[[ Records for the task open ]]

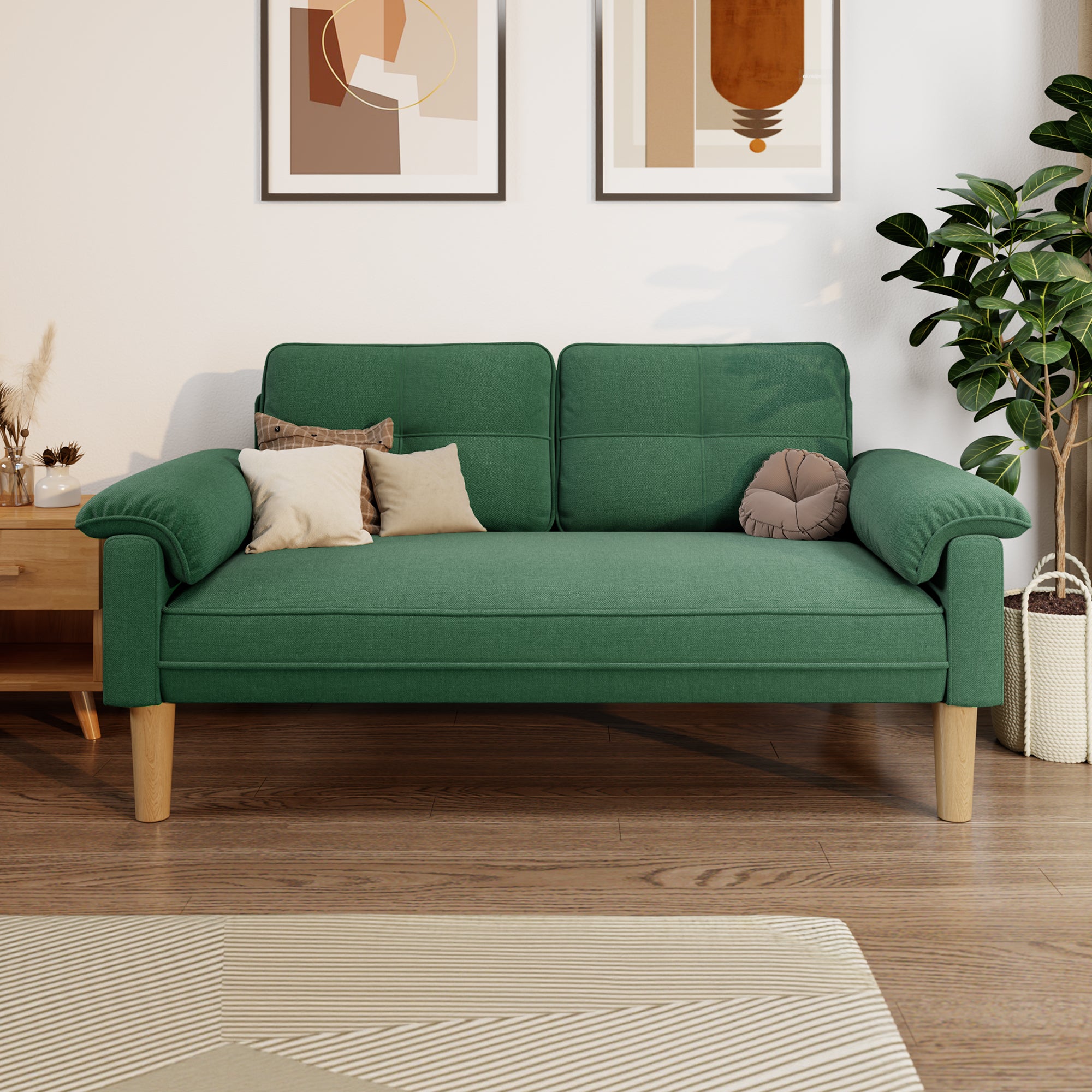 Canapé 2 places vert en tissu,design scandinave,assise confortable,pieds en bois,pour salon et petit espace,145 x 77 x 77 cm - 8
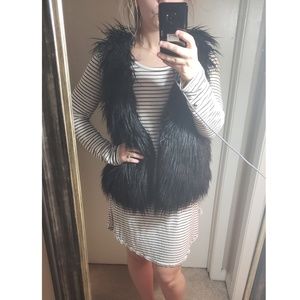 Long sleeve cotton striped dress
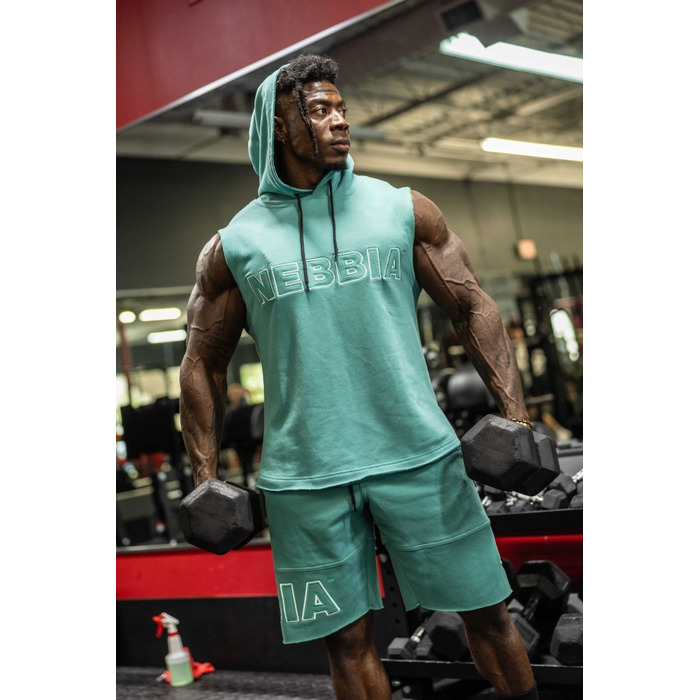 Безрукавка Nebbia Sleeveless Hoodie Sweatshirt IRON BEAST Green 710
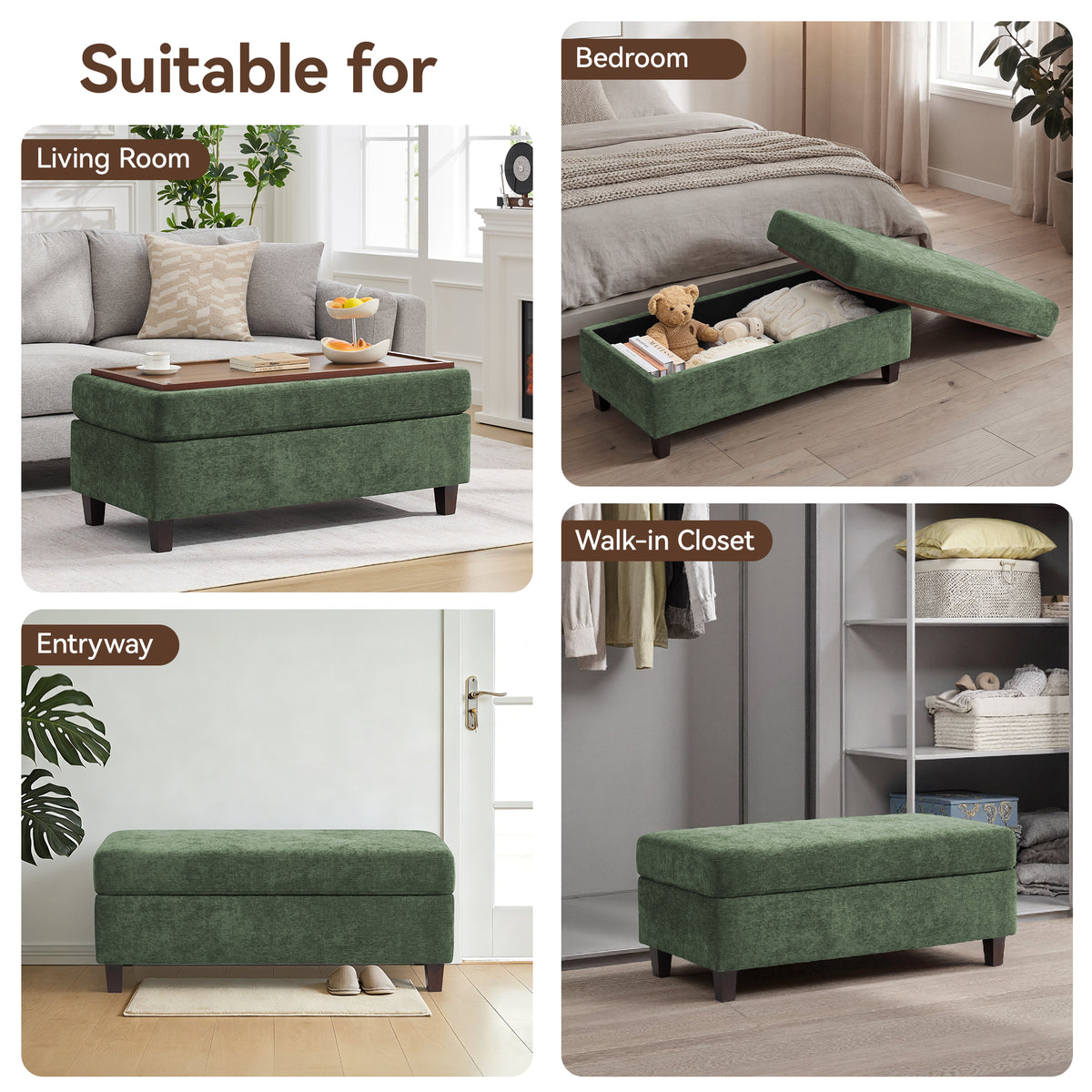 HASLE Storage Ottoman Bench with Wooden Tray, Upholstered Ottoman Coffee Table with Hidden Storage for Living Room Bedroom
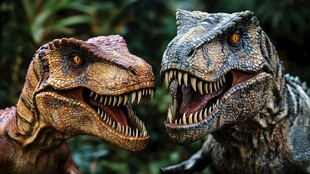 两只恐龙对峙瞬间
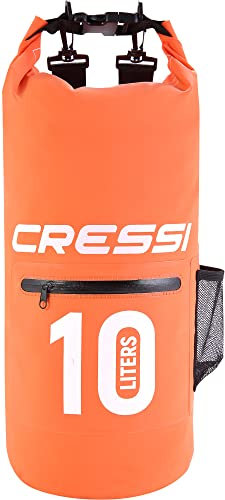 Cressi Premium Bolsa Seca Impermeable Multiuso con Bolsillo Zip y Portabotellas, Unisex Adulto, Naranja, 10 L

[[ Records for the task closed ]]

* What the exercise asks
Set down all the lines above exactly as they appear, with no pictures.

* Task output
 Canapé 2 places vert en tissu,design scandinave,assise confortable,pieds en bois,pour salon et petit espace,145 x 77 x 77 cm - 8
 Long sleeve cotton striped dress
 Безрукавка Nebbia Sleeveless Hoodie Sweatshirt IRON BEAST Green 710
 HASLE Storage Ottoman Bench with Wooden Tray, Upholstered Ottoman Coffee Table with Hidden Storage for Living Room Bedroom
 两只恐龙对峙瞬间
 Cressi Premium Bolsa Seca Impermeable Multiuso con Bolsillo Zip y Portabotellas, Unisex Adulto, Naranja, 10 L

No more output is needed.